BEGIN EXERCISE MATERIAL

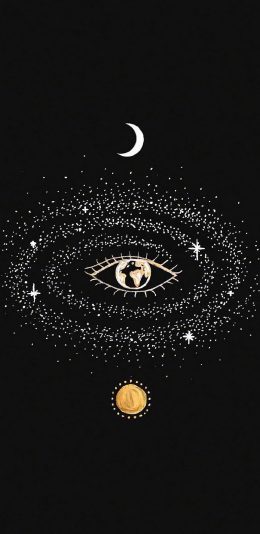 [2436x1125]黑色背景 月牙 太阳 眼睛 苹果手机动漫壁纸图片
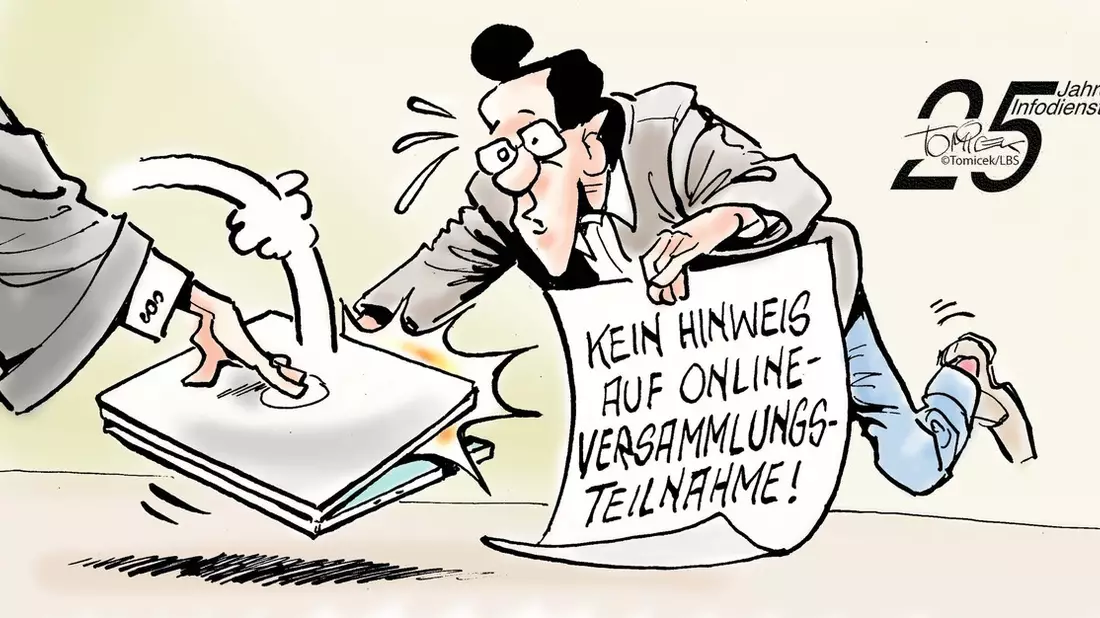 Nur virtuell dabei / Eigentümer muss Online-Teilnahme an Versammlung aktiv einfordern - Bild: presseportal.de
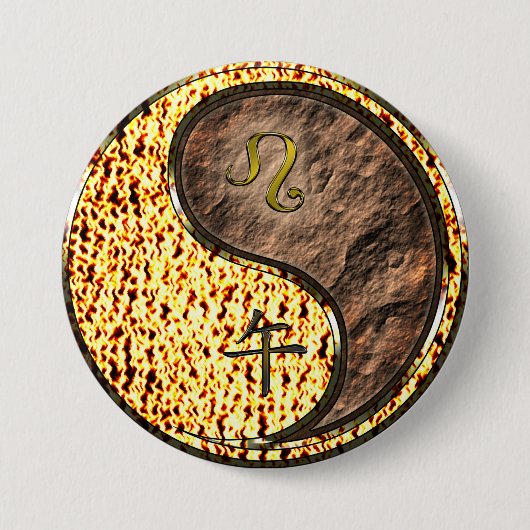 Leeuw & Aard Paard Ronde Button 7,6 Cm (Voorkant)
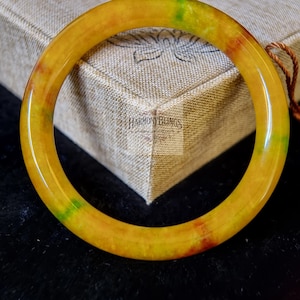 Premium Gelber Jadeit Armreif, Natürliche Jade Armband, Vintage-Schmuck, Ideales Weihnachts- und Neujahrsgeschenk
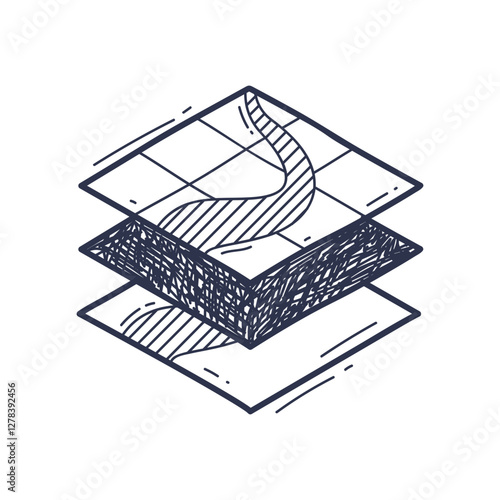 Illustration of layered maps symbolizing data integration and geographic analysis.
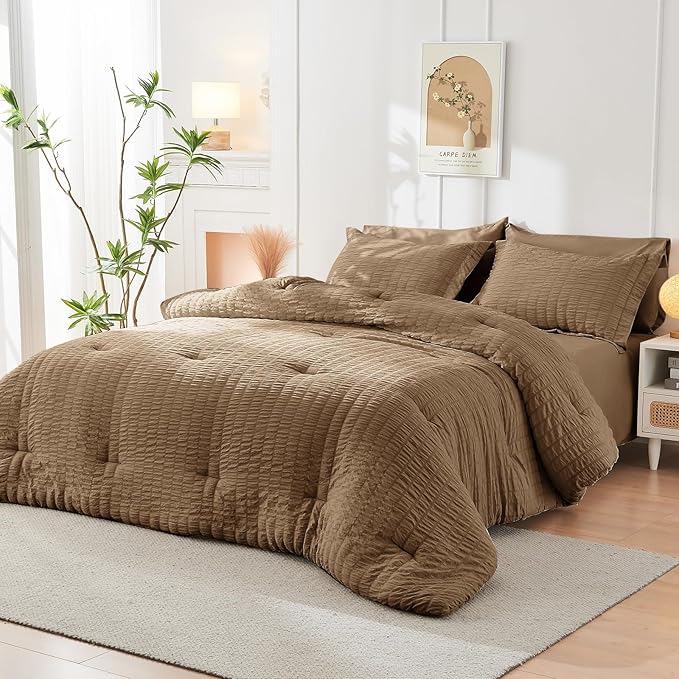 HYMOKEGE Brown Twin Comforter Set Seersucker 5 Pieces, All Season Luxury Bed in a Bag for Bedroom, Bedding Set with Comforter, Sheets, Pillowcase & Sham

END EXERCISE MATERIAL

__PROBLEM DETAILS__. Without the pictures, write out the whole listing above exactly as it appears.

__ANSWER TO THE PROBLEM__.
 [2436x1125]黑色背景 月牙 太阳 眼睛 苹果手机动漫壁纸图片
 Nur virtuell dabei / Eigentümer muss Online-Teilnahme an Versammlung aktiv einfordern - Bild: presseportal.de
 Leeuw & Aard Paard Ronde Button 7,6 Cm (Voorkant)
 Premium Gelber Jadeit Armreif, Natürliche Jade Armband, Vintage-Schmuck, Ideales Weihnachts- und Neujahrsgeschenk
 Illustration of layered maps symbolizing data integration and geographic analysis.
 HYMOKEGE Brown Twin Comforter Set Seersucker 5 Pieces, All Season Luxury Bed in a Bag for Bedroom, Bedding Set with Comforter, Sheets, Pillowcase & Sham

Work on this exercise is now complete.